On Saturday, RBI Governor Shaktikanta Das revealed that India’s GDP growth for the first quarter of the fiscal year fell short of expectations. The growth rate for April-June was recorded at 6.7%, a decline from 8.2% during the same period last fiscal year and below the Reserve Bank of India’s (RBI) projection of 7.1%.
Das attributed the lower growth to two main factors: a slowdown in the agriculture sector and reduced government spending. The decline in government expenditure, influenced by the general elections and the enforcement of the model code of conduct between April and June, significantly impacted economic performance.
Despite the overall dip in GDP growth, Das noted positive developments in several key areas. Consumption, investment, manufacturing, services, and construction sectors each registered growth rates exceeding 7%. These sectors continue to drive economic activity and contribute to the nation’s growth prospects.
The first quarter’s growth of 6.7% is the lowest in 15 months, with the previous low recorded at 6.2% for January-March 2023. The agriculture sector, in particular, saw only a marginal growth rate of around 2% during this period.

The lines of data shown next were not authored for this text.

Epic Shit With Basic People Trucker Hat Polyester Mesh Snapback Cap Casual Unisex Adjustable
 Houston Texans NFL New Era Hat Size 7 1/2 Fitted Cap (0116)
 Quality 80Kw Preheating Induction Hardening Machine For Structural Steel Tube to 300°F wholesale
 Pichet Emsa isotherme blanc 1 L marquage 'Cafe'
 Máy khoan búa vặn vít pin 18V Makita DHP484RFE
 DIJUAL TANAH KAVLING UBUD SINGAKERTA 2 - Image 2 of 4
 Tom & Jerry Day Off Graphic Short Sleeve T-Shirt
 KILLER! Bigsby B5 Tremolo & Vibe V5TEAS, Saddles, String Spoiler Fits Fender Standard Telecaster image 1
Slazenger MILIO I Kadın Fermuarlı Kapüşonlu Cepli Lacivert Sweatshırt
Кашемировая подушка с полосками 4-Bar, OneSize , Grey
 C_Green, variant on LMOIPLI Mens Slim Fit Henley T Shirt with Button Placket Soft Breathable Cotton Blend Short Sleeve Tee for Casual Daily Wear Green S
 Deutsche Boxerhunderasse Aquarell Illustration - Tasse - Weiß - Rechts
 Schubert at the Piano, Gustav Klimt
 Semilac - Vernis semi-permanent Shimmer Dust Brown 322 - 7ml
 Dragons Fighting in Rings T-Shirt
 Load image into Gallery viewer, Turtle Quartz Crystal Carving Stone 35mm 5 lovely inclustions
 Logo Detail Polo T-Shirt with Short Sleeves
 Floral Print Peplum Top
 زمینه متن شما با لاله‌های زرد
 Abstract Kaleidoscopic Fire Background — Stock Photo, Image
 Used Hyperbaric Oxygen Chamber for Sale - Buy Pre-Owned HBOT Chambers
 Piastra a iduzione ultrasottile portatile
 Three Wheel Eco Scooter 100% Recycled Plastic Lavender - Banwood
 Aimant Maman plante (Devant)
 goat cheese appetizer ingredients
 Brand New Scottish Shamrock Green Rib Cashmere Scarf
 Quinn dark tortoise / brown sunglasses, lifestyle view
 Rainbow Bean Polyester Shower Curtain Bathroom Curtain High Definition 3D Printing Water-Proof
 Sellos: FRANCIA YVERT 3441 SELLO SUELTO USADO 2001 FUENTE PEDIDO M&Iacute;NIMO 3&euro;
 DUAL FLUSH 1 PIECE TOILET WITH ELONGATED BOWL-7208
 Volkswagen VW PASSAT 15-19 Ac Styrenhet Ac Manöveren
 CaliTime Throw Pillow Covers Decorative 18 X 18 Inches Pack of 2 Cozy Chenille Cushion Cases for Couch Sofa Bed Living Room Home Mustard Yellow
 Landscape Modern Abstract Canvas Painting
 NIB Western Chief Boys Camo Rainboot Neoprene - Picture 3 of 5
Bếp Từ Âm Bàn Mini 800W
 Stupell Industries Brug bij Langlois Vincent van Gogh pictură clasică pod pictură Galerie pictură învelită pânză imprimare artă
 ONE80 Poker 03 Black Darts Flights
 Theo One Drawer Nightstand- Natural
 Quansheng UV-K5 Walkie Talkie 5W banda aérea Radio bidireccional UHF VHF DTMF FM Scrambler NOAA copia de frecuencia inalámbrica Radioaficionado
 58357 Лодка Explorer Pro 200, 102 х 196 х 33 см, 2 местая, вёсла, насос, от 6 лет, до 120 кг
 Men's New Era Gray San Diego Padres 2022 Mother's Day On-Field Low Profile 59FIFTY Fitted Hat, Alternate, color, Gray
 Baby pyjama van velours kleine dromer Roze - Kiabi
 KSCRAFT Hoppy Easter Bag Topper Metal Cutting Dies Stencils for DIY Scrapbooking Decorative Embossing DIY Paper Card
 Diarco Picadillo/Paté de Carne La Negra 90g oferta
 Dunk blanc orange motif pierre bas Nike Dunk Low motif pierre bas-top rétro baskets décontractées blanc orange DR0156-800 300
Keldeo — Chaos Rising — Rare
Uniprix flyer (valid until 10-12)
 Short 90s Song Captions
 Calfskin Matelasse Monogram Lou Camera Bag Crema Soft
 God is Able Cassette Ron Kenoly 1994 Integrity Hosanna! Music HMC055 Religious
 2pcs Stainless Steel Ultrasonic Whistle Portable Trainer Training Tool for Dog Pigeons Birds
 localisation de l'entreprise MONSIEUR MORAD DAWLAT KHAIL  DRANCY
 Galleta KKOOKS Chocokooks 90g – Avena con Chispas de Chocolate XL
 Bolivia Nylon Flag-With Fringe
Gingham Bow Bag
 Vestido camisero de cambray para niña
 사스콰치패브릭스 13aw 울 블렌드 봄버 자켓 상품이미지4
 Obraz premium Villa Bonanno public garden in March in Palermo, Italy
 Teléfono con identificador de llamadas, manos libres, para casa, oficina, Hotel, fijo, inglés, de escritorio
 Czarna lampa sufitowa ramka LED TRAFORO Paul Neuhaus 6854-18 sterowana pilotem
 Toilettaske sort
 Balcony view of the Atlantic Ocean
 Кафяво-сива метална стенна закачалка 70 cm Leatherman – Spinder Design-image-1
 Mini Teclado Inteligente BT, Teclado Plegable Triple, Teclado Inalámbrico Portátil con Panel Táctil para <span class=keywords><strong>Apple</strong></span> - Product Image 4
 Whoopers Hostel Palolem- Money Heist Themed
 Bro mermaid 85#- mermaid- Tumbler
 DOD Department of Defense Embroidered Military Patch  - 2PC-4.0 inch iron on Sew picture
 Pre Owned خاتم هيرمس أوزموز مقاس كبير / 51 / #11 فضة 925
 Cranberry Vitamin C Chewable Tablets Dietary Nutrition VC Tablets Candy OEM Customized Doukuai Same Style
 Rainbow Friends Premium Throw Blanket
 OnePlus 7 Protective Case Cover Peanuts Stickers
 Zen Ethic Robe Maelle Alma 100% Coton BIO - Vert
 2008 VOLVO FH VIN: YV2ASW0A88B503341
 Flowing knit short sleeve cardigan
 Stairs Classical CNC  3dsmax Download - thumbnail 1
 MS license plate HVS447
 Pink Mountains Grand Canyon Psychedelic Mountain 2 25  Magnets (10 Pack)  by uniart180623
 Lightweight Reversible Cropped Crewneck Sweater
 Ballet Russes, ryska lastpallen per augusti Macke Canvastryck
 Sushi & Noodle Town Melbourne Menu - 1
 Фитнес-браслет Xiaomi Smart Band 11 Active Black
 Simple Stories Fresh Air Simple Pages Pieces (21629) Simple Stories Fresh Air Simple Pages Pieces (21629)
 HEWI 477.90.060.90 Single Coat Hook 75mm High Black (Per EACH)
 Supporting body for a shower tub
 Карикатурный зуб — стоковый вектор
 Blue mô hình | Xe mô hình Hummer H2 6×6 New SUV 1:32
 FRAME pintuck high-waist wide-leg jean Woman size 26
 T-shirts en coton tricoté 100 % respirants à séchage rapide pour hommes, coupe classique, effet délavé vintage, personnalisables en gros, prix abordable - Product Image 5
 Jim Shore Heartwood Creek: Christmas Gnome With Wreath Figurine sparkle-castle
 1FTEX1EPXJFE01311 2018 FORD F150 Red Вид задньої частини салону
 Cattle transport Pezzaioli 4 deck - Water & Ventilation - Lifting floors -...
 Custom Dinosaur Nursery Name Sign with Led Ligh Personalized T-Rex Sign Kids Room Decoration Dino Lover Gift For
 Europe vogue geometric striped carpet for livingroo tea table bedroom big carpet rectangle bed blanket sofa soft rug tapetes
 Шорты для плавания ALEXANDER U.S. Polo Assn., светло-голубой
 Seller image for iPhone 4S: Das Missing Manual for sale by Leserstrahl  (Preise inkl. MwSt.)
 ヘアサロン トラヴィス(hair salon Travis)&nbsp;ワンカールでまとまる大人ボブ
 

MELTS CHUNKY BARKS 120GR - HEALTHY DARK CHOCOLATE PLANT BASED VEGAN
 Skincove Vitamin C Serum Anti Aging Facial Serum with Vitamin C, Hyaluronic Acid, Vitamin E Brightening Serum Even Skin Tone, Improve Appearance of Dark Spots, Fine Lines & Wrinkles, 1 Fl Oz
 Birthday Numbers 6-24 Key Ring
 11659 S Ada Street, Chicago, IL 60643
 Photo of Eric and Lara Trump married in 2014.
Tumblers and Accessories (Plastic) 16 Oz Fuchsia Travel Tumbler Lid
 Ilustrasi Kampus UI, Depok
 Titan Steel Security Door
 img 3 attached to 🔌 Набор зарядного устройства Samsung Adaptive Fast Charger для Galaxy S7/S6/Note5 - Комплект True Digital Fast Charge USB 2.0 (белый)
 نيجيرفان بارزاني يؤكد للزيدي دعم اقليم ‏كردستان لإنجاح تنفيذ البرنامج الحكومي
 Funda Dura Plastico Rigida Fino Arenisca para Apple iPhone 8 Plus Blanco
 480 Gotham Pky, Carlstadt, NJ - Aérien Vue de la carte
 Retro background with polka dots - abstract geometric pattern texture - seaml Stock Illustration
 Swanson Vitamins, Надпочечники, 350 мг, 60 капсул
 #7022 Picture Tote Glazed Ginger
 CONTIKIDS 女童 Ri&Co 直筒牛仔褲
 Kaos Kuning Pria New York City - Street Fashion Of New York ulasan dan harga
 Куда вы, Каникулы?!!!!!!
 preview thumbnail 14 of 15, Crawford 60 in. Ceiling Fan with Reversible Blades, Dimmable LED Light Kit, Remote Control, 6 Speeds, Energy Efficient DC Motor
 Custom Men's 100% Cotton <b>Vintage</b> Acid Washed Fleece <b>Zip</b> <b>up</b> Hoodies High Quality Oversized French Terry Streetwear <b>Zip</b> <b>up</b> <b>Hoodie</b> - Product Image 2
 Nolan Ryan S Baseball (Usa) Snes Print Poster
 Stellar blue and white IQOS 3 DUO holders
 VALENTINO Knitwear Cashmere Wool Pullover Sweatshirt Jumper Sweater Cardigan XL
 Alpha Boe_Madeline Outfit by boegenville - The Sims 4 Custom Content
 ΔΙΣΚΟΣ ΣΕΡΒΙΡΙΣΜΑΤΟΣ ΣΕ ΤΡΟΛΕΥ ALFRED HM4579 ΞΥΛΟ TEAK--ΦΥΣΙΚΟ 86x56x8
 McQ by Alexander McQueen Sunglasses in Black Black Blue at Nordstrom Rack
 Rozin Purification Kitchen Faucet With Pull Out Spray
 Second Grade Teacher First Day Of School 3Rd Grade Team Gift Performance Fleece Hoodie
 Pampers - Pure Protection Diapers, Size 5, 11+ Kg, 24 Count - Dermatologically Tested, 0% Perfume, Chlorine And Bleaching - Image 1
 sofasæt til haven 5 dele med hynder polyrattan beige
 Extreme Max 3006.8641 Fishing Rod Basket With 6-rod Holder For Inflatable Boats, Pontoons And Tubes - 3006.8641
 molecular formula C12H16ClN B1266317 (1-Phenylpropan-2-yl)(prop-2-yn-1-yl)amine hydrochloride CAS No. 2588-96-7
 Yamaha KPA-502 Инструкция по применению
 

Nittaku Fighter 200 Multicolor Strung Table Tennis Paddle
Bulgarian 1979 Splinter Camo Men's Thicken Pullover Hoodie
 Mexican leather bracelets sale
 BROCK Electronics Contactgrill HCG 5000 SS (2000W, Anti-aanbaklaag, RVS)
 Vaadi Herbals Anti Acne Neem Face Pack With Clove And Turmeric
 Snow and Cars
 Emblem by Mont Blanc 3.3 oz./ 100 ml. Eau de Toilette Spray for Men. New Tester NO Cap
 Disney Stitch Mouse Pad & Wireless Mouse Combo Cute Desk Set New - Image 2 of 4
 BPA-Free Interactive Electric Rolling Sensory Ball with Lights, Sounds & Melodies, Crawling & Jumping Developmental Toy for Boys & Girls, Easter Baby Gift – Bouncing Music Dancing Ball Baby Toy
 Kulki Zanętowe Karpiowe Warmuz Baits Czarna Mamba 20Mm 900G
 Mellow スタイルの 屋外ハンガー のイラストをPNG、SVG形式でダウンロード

However, Das expressed optimism about the sector’s future, citing favorable monsoon conditions and promising crop sowing outlooks.
Looking ahead, Das is confident that the country can achieve the projected annual growth rate of 7.2% given the positive trends in agriculture and other key economic sectors. He also addressed concerns about financial oversight, announcing that commercial banks and non-banking financial companies will now require RBI approval to change their auditors. This measure aims to prevent undue pressure on auditors and ensure transparency.
Regarding interest rates, Das mentioned that any potential cuts will be decided by the monetary policy committee. He emphasized that the RBI’s focus remains on maintaining an inflation rate of around 4% and ensuring economic stability, which he believes will support overall economic growth.
In summary, while the first quarter of the fiscal year showed slower-than-expected growth, the RBI is taking steps to address underlying issues and support continued economic development.